[GIVEN DATA]:
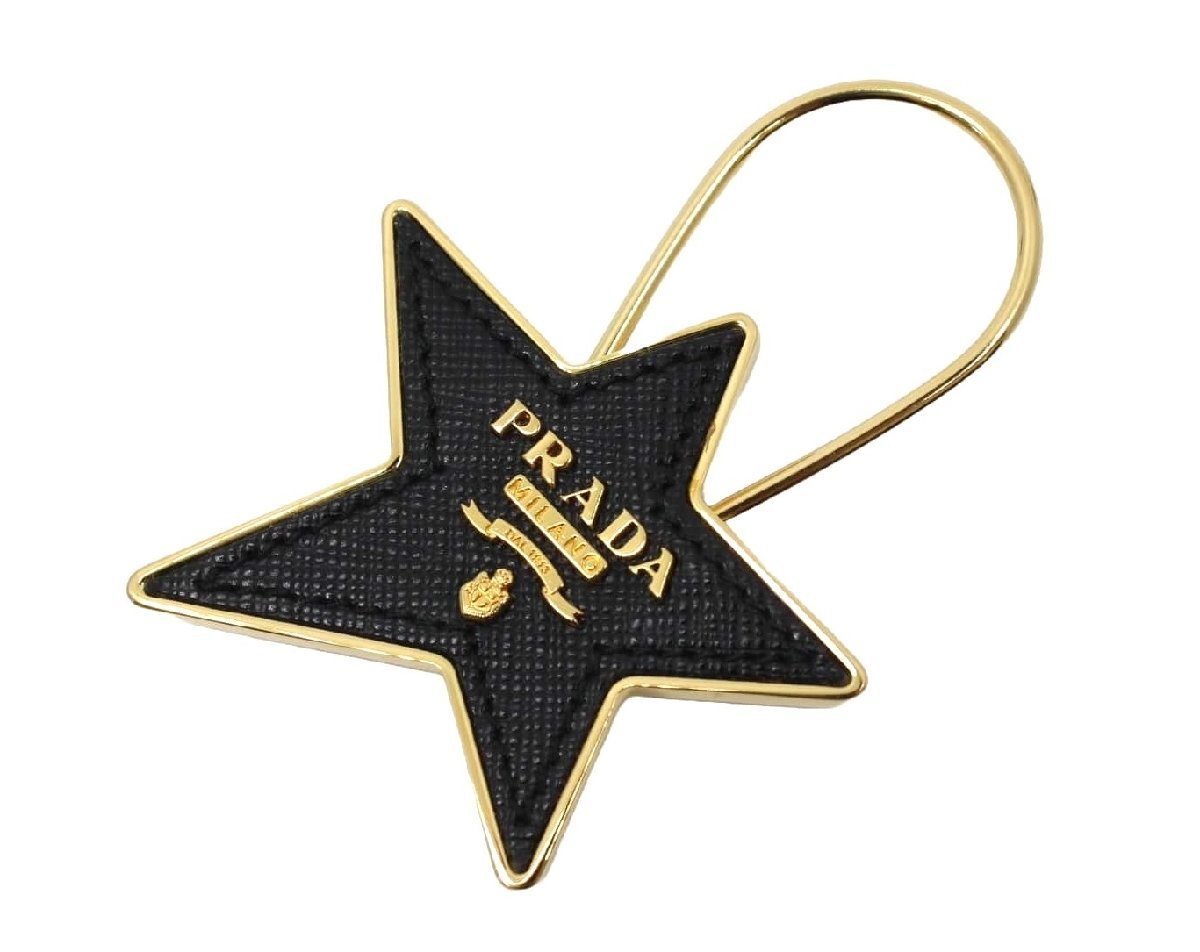 プラダ チャーム キーホルダー キーリング バッグ ゴールド金具 ブラック 黒 スター 星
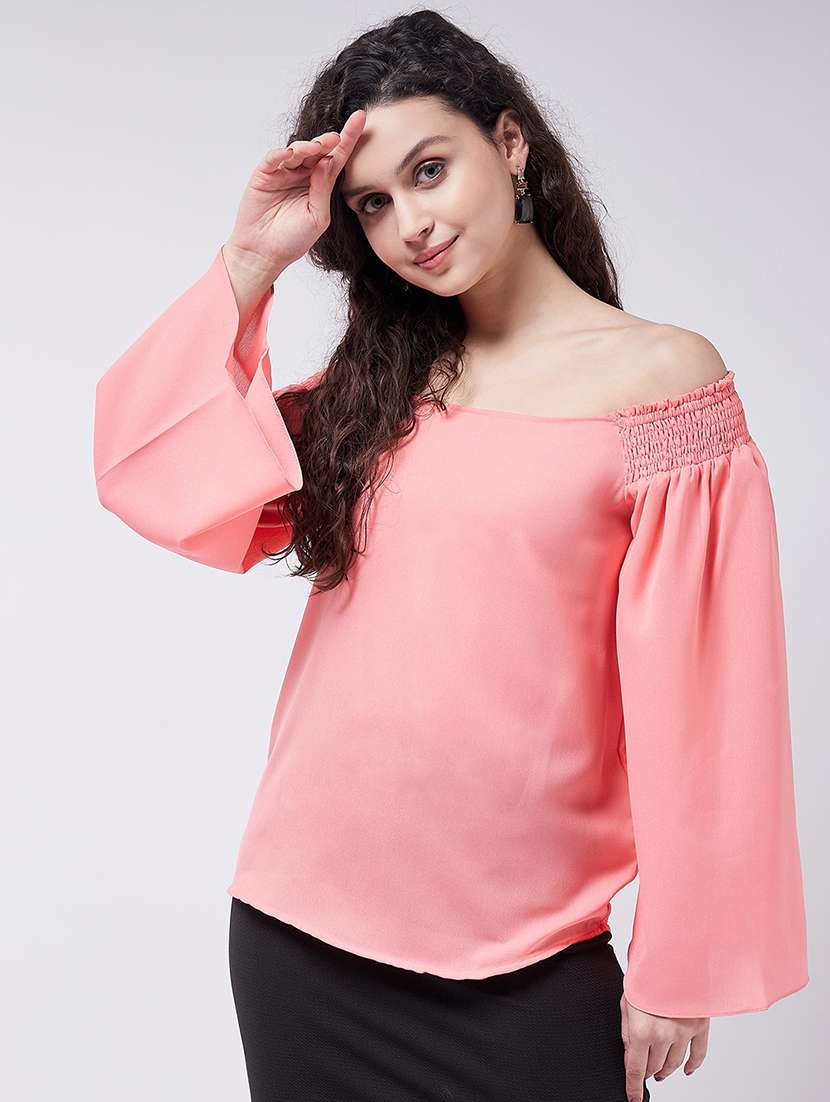 women solid bell sleeve off shoulder top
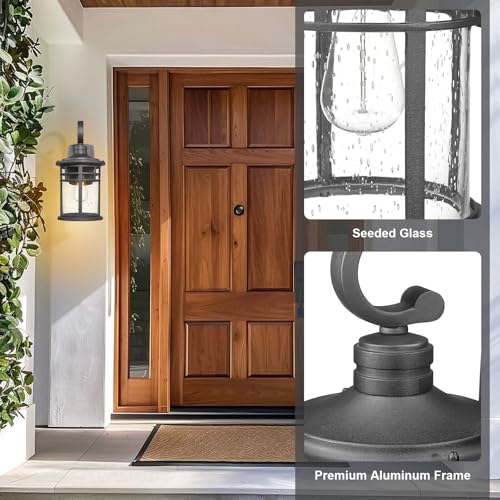 Outdoor Porch Lights Wall Mount Sconces Outdoor Lighting Waterproof Exterior Lantern for House Front Porch Patio Garage Doorway Garden (1 Pack Clear Glass / Large)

[WORK REQUIRED]: Repeat each line word for word, from the one with "women solid bell sleeve off shoulder top" down to the last line of the data, and keep the pictures out of it.

[ANSWER FOR THE TASK]:
 women solid bell sleeve off shoulder top
 Outdoor Porch Lights Wall Mount Sconces Outdoor Lighting Waterproof Exterior Lantern for House Front Porch Patio Garage Doorway Garden (1 Pack Clear Glass / Large)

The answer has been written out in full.